▶ **WORK TO COMPLETE**:
The output should consist solely of the lines running from the one that contains "Southern Proper Shirt" through the end of the records below, copied exactly.

──────

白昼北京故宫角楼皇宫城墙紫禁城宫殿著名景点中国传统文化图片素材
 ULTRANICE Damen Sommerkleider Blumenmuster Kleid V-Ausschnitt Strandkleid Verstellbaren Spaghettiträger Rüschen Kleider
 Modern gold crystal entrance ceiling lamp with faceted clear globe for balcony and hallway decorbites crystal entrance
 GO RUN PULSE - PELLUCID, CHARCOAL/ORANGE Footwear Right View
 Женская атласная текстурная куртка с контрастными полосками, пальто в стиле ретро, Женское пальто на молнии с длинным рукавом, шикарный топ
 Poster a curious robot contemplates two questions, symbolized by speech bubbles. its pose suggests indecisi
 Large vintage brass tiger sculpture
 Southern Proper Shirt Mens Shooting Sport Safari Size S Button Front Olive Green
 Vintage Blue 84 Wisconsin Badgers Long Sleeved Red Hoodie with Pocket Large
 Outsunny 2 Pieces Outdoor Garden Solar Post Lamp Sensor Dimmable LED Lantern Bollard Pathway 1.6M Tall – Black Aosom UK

──────

▶ **TASK ANSWER**:
 Southern Proper Shirt Mens Shooting Sport Safari Size S Button Front Olive Green
 Vintage Blue 84 Wisconsin Badgers Long Sleeved Red Hoodie with Pocket Large
 Outsunny 2 Pieces Outdoor Garden Solar Post Lamp Sensor Dimmable LED Lantern Bollard Pathway 1.6M Tall – Black Aosom UK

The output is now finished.